1. Ruth Kassel
    Ruth Kassel June 9, 2016 at 1:01 pm | | Reply

    WOW! Moving; on a subject on everybody’s minds.
    Excellent program, as always.

  2. Sage
    Sage June 9, 2016 at 1:15 pm | | Reply

    The man who created a spectacular young circus talks about death. More importantly, he talks about friendship, and I am so grateful to have heard this.

  3. Peter
    Peter June 9, 2016 at 1:47 pm | | Reply

    Fantastic interview! I am so thankful that Rob was willing to share their story. Very powerful. Not easy to listen to but glad I did. This is a conversation that most of us won’t ever have the chance to have/hear. Thanks for bringing Rob’s story to us.

  4. Alberto
    Alberto June 9, 2016 at 2:58 pm | | Reply

    I just listened to your “Last Chapter” episode and it really hit close to home. Last year my mother received the same diagnosis as Bill and I lost her on March 30, 2016. Our relationship was strained and unresolved and my grieving process has been significantly more difficult than I anticipated.
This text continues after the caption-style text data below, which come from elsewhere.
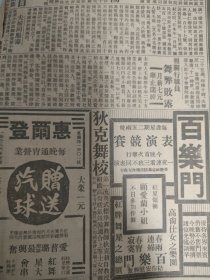 新闻报，1939年3月7日。民国一页报纸正反面。电影《少奶奶的扇子》。主演，袁美云，梅熹，刘琼。张善琨监制。华新制片厂出品。严芙孙葫芦测字广告，天下第一枝神笔。严芙孙，名严煇，浙江桐乡人，鸳鸯蝴蝶派作家，主编《蔷薇花》杂志。后竟沦为测字润费。璇宫舞厅广告。背面，梅龙镇酒家开幕。老牌床业顺兴公司广告“床大王”。中和堂国药号招聘煎药女工。天泉阁书画展览会（宁波旅沪同乡会），听雪草堂，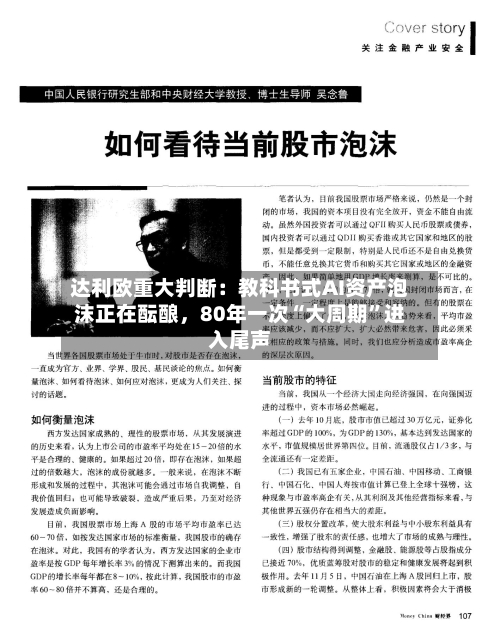 达利欧重大判断：教科书式AI资产泡沫正在酝酿，80年一次“大周期”进入尾声-第2张图片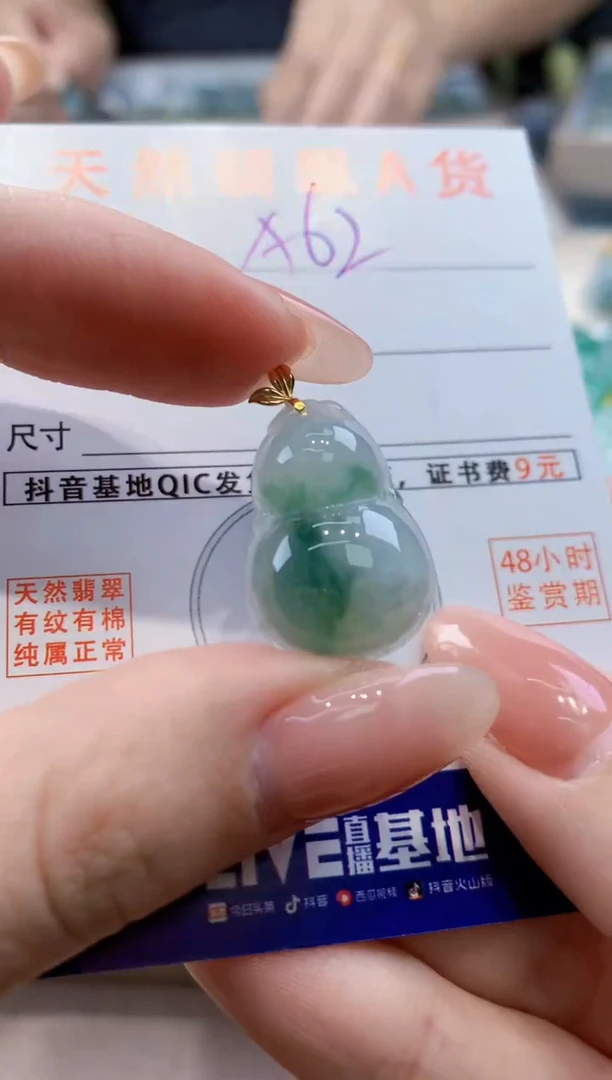 颈饰18K金镶嵌翡翠天然缅甸a货翡翠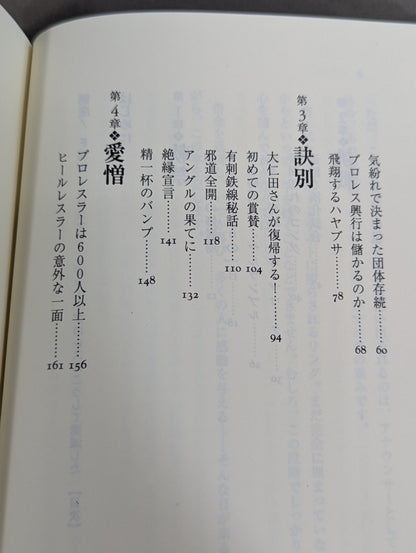 Bankruptcy! This is how FMW charismatic indie Pro Wrestling was destroyed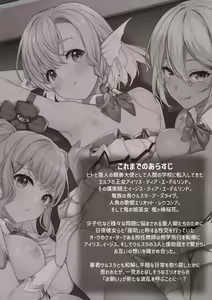 Page 3 of Enjo Kouhai 11 - preview thumbnail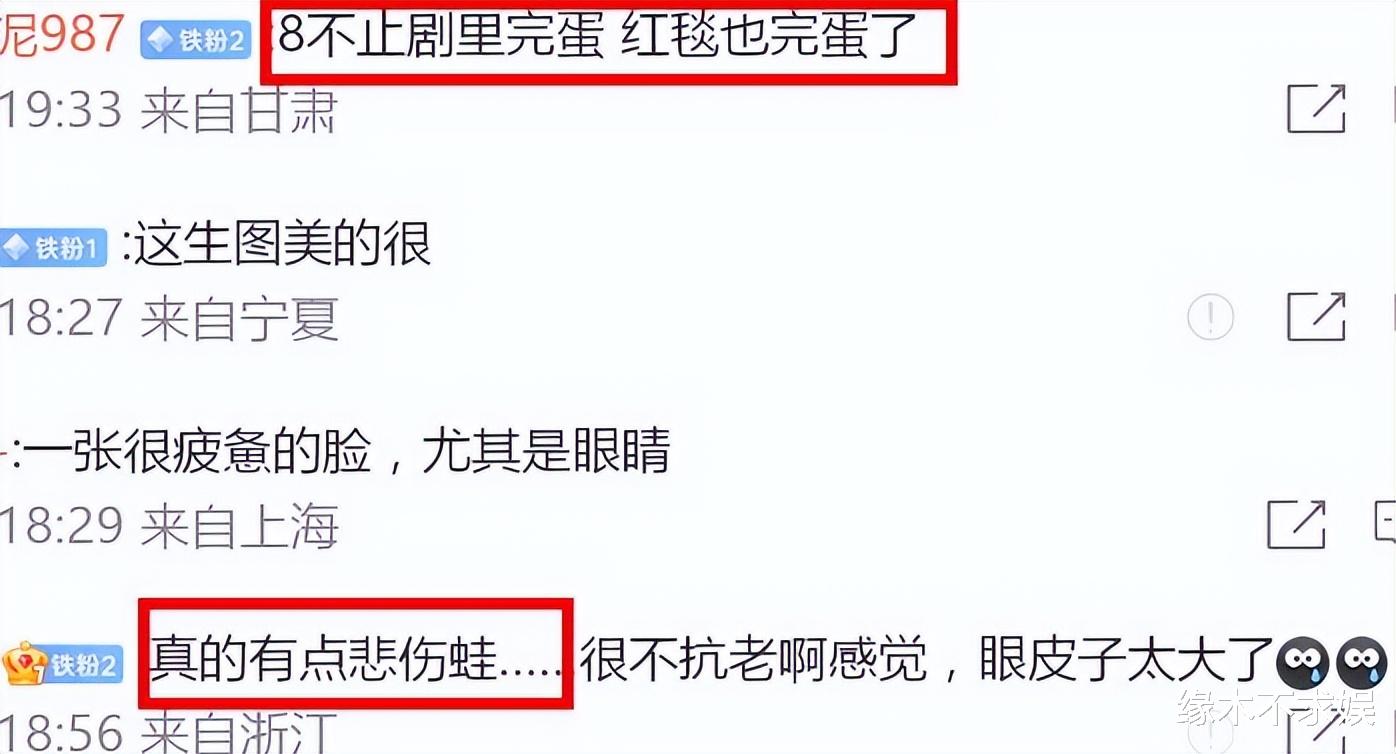 迪丽热巴造型引争议！一身行头超2万，生图嘴唇下垂，撞脸悲伤蛙！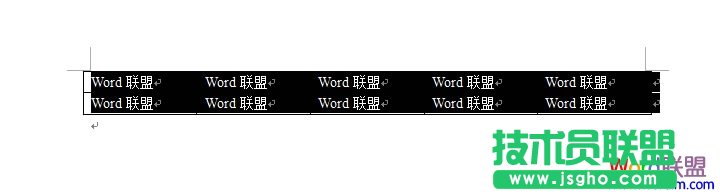 怎么將word轉換成excel 三聯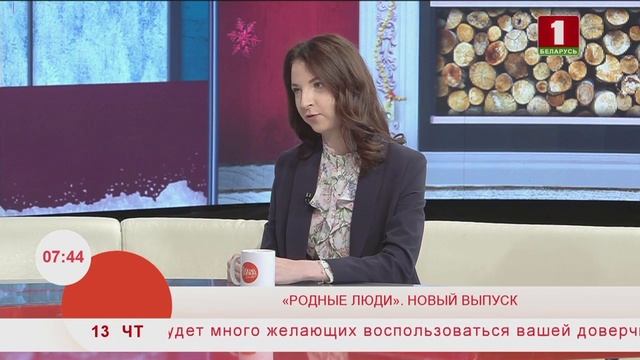Новая серия проекта «Родные люди». Эфир 13.02.2020 смотреть онлайн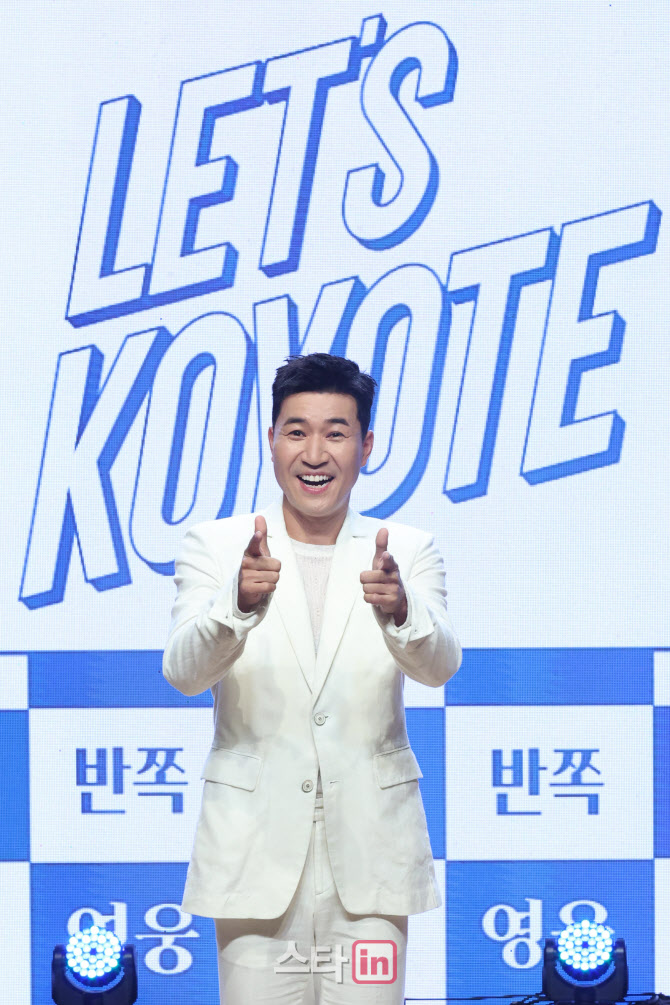리더 김종민, 코요태 컴백했어요                                                                                                                                                                    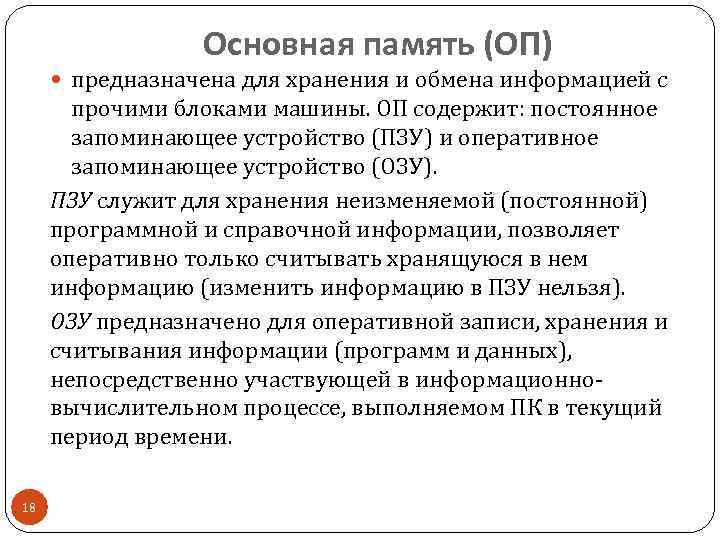 Основная память (ОП) предназначена для хранения и обмена информацией с прочими блоками машины. ОП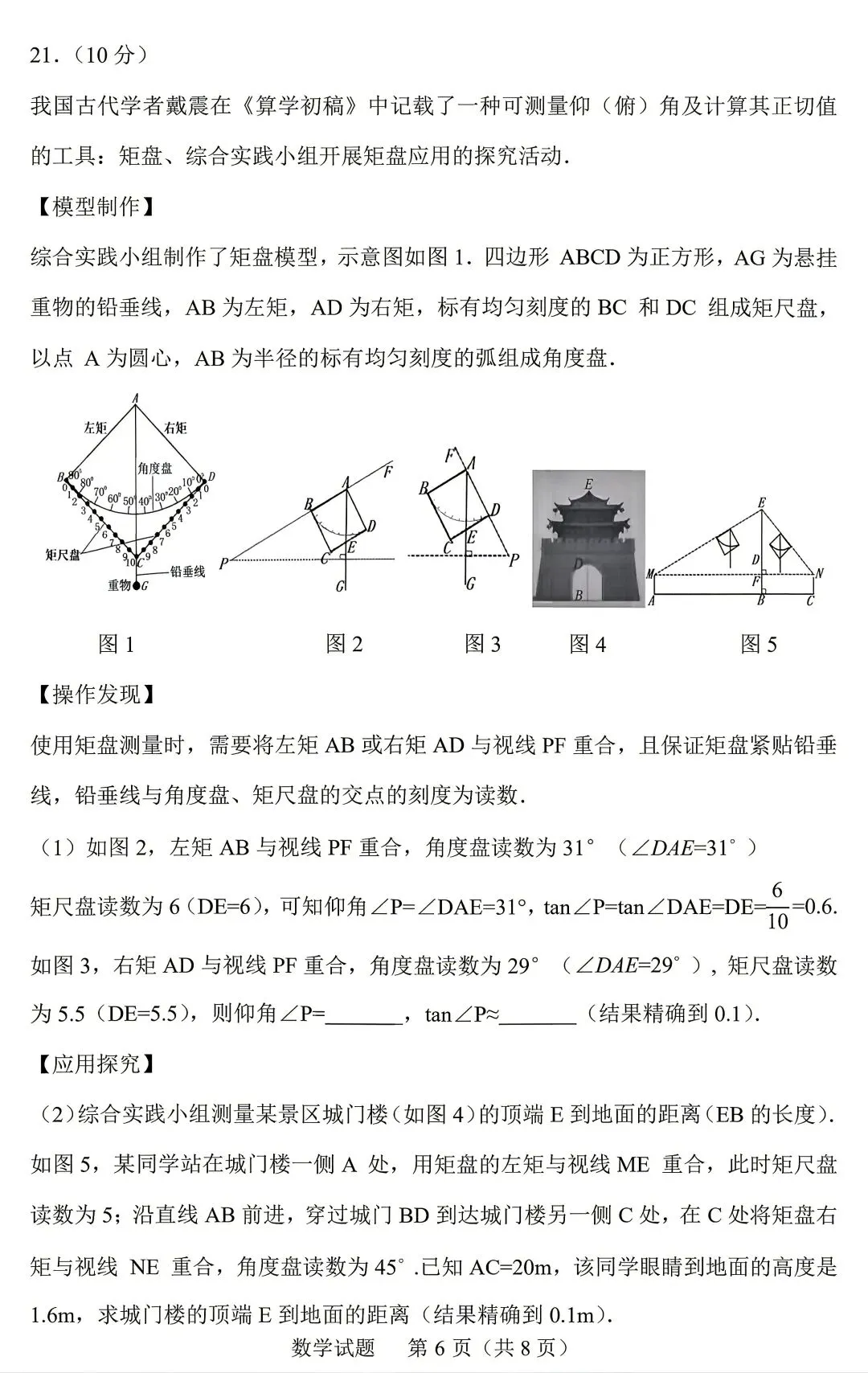2026年山东省中考数学统考卷真题(含答案解析)-第7张图片-四季读书网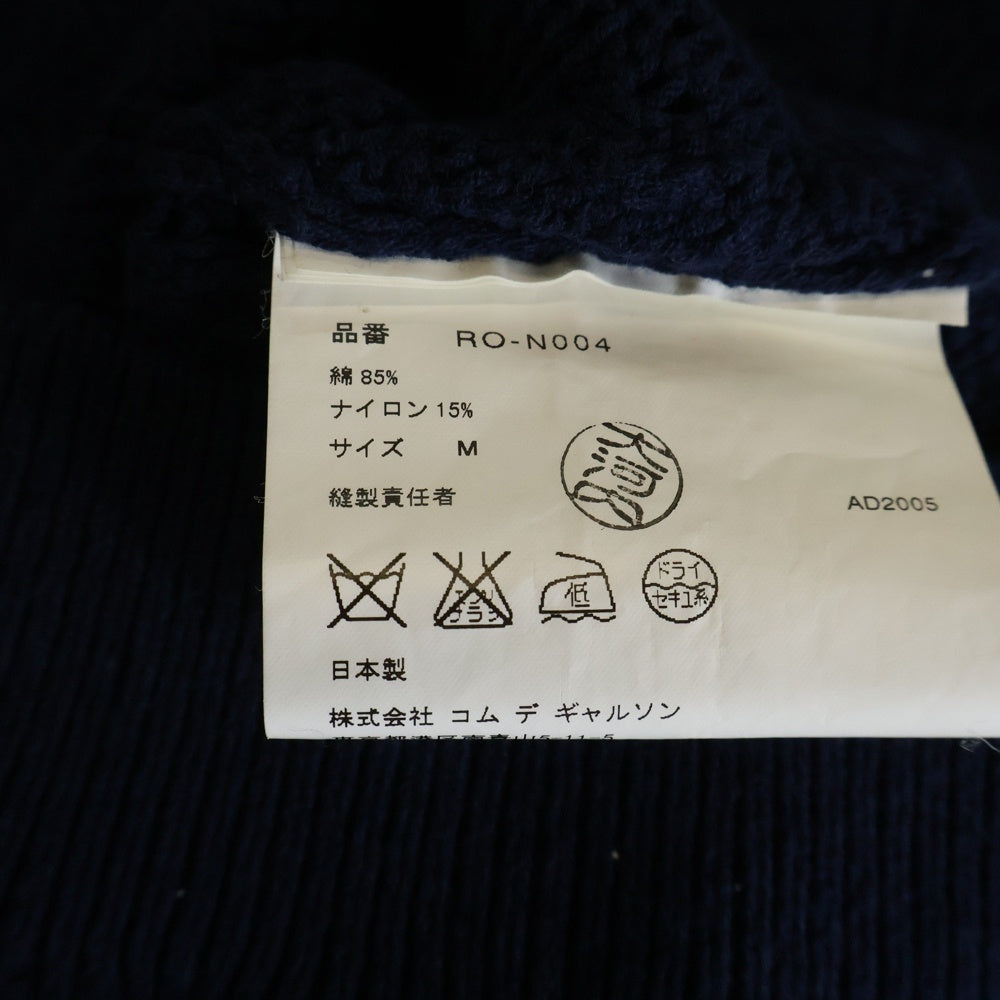 COMME des GARCONS COMME des GARCONS(コムデギャルソンコムデギャルソン) 05SS Vネック コットン ニットセーター ネイビー RO-N004 AD2005 レディース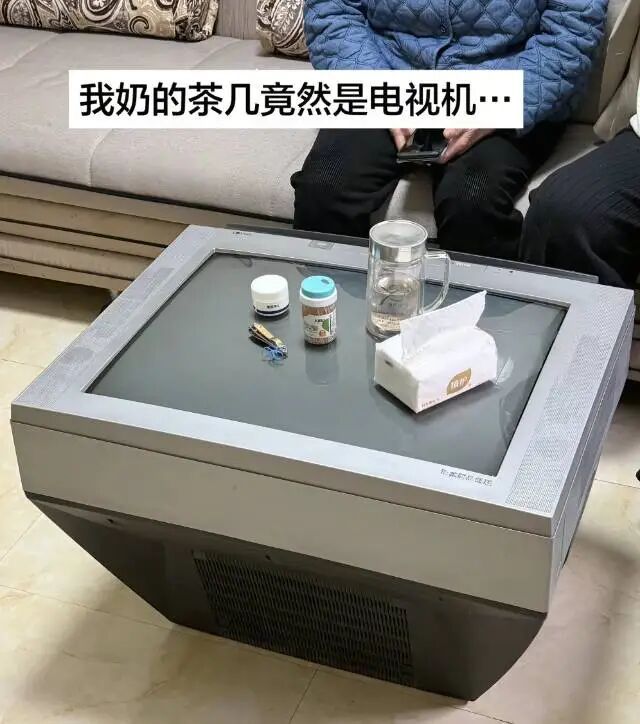 “我奶的茶几竟然是电视机”“不瞒你说，我爷的衣柜还是冰箱呢”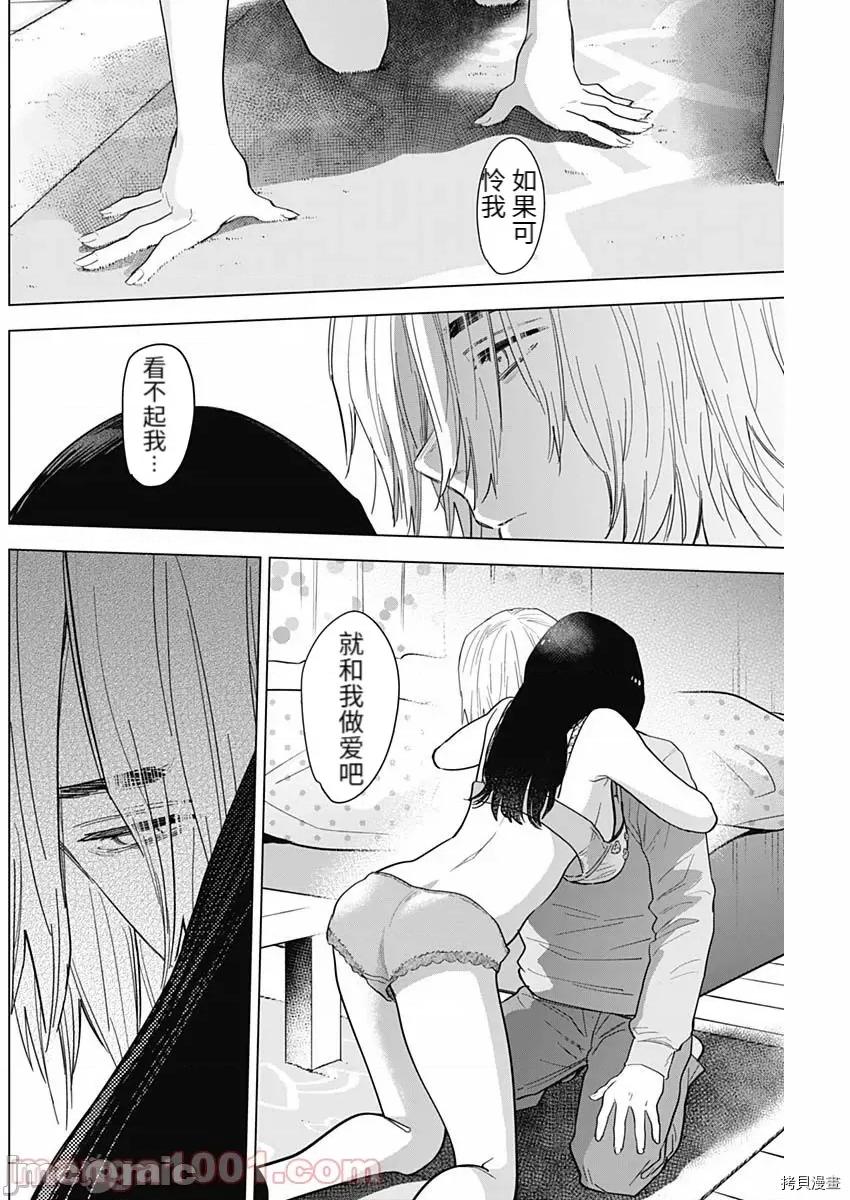 少年的深渊 少年的深渊074 第74话.zip 第8页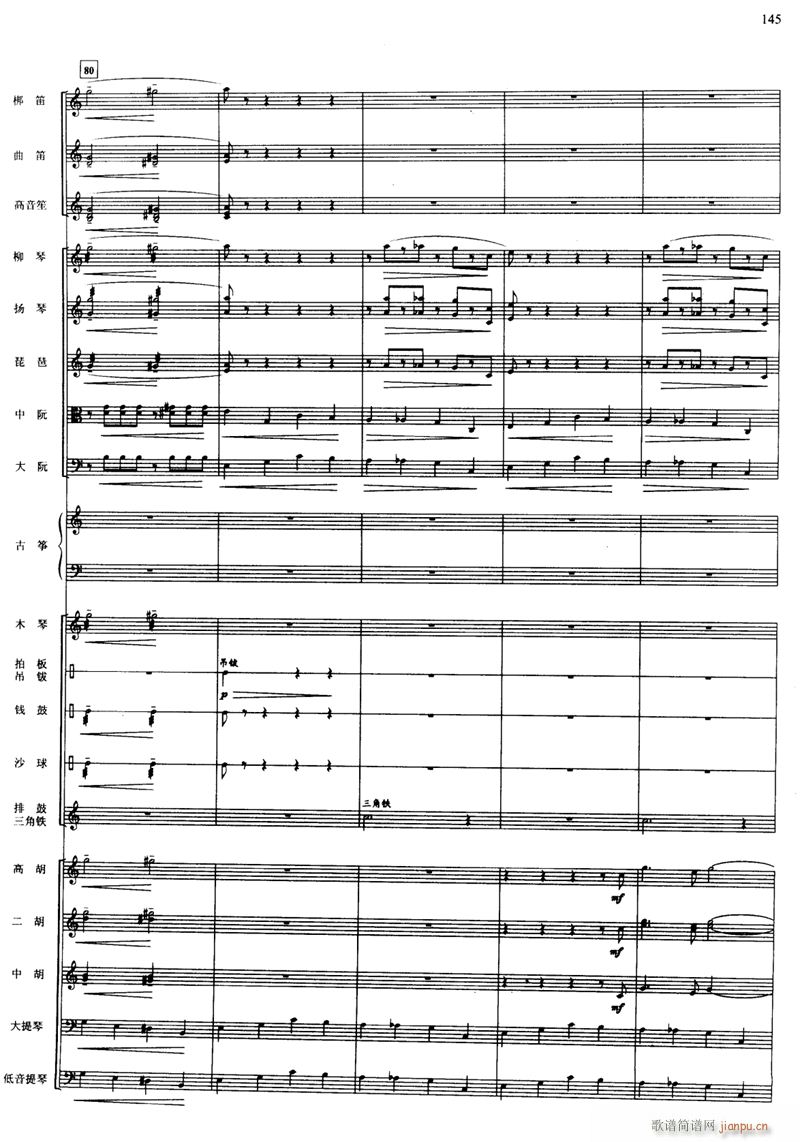 快乐的小乐队 线 19(总谱)1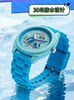 Disney Zootopia Official Merchandise Gary Collaboration Watch for Female Students in Middle and High School, New Year's Gift for Girls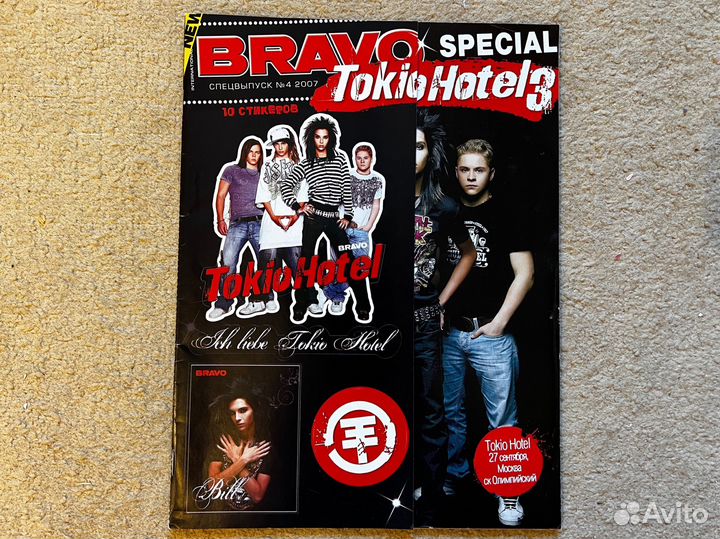 Журнал Tokio Hotel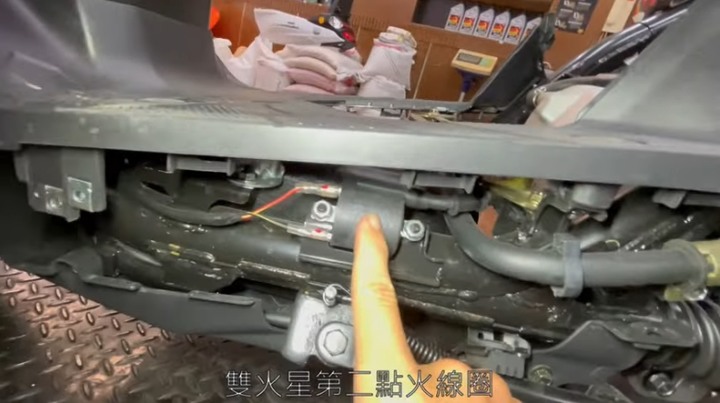 全新迪爵, DIY換零件 感覺很麻煩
I listen to a lot of podcasts and so many of them seem to be about death or dealing with your parents. I’m sure that they have always been this way but it feels more frequent lately. Thank you for the episode. I listened to it and sobbed about my own loss and Rob’s experience. I have had difficulty confronting my grief the last few months but I am trying to take it head on now and your episode encouraged the tears to flow.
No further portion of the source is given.